Could you give again exactly, and only, the lines from the one holding "Palm Framed Print" through the end of the data, both ends included, with pictures left out?

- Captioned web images
----

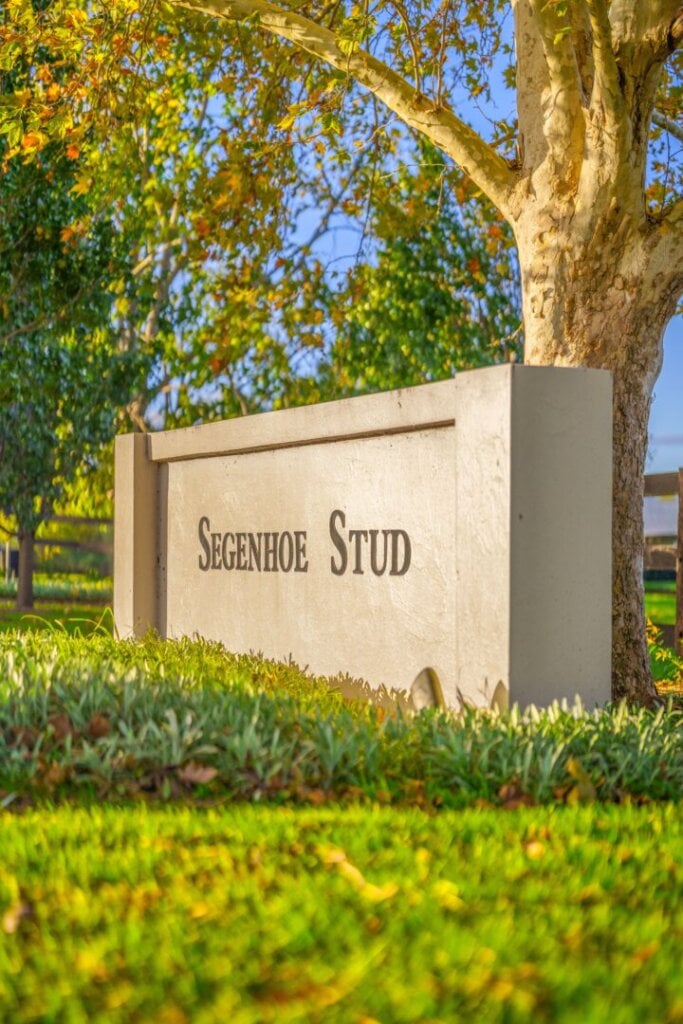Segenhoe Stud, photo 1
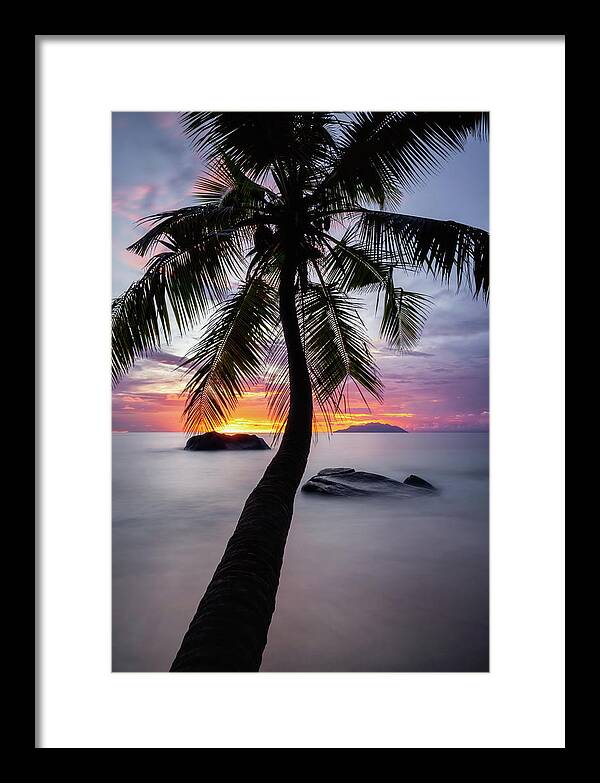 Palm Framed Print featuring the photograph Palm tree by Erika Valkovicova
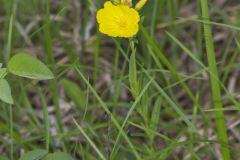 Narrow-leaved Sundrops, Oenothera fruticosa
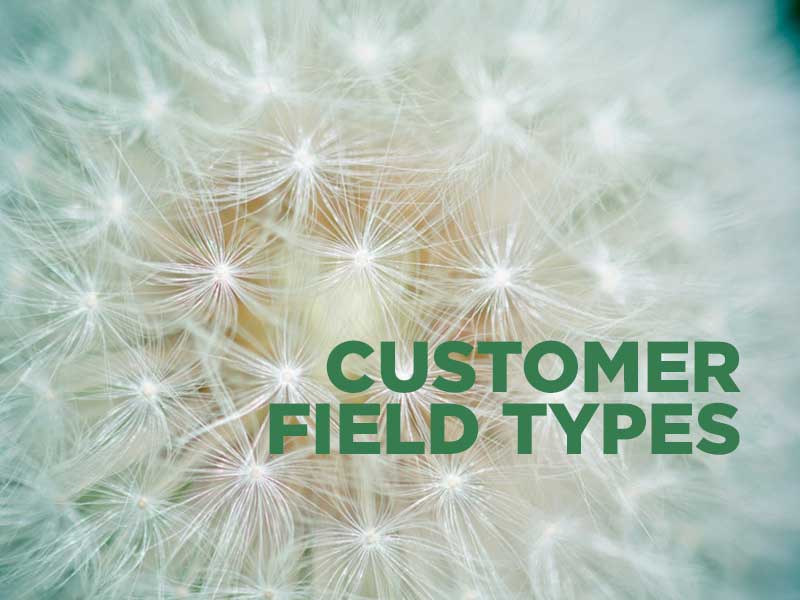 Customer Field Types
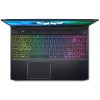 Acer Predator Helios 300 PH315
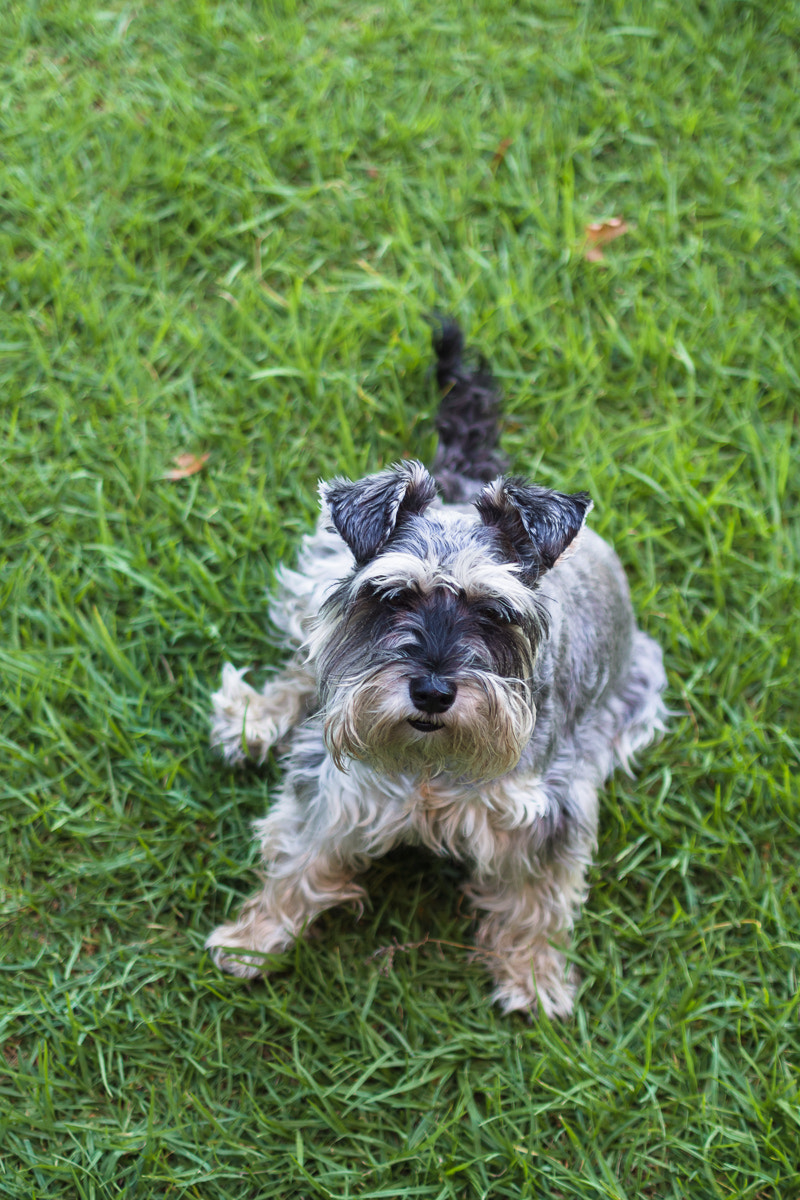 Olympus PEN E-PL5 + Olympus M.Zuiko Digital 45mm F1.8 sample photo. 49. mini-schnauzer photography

----

- THE COMPLETED TASK
 Palm Framed Print featuring the photograph Palm tree by Erika Valkovicova
 Narrow-leaved Sundrops, Oenothera fruticosa
 Customer Field Types
 Acer Predator Helios 300 PH315
 Olympus PEN E-PL5 + Olympus M.Zuiko Digital 45mm F1.8 sample photo. 49. mini-schnauzer photography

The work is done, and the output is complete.